Diffusion Approximations for a Class of Sequential Experimentation Problems
Information Systems and Operations Management
Speaker: Victor Araman (Olayan School of Business, AUB)
Salle Bernard Ramantsoa
We consider a decision maker who must choose an action in order to maximize a reward function that depends on the action that she selects as well as on an unknown parameter “Theta”. The decision maker can delay taking the action in order to experiment and gather additional information on “Theta”. We model the decision maker's problem using a Bayesian sequential experimentation framework and use dynamic programming and diffusion-asymptotic analysis to solve it. For that, we scale our problem in a way that both the average number of experiments that is conducted per unit of time is large and the informativeness of each individual experiment is low.
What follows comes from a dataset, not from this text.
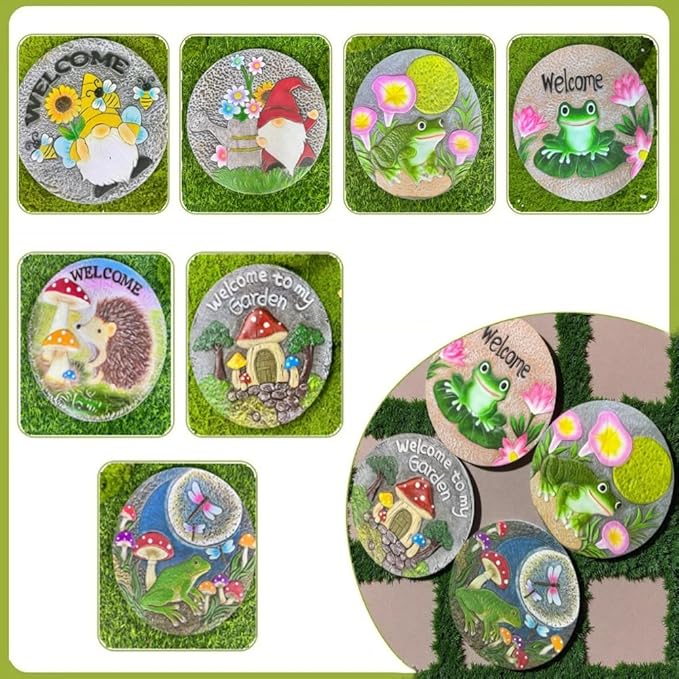 GZHERVICES Stepping Stone Ornaments for Courtyard Decor, Garden Landscape Stepping Stones and Lawn Walkway Pads, Decorative Garden Stones and Patio Path Pavers(Multi-Colored-F)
Under such regime, we derive a diffusion approximation for the sequential experimentation problem, which provides a number of important insights about the nature of the problem and its solution. First, it reveals that the problems of (i) selecting the optimal sequence of experiments to use and (ii) deciding the optimal time when to stop experimenting decouple and can be solved independently. Second, it shows that an optimal experimentation policy is one that chooses the experiment that maximizes the instantaneous volatility of the belief process. Third, the diffusion approximation provides a more mathematically malleable formulation that we can solve in closed form and suggests efficient heuristics for the non-asympototic regime. Our solution method also shows that the complexity of the problem grows only quadratically with the cardinality of the set of actions from which the decision maker can choose.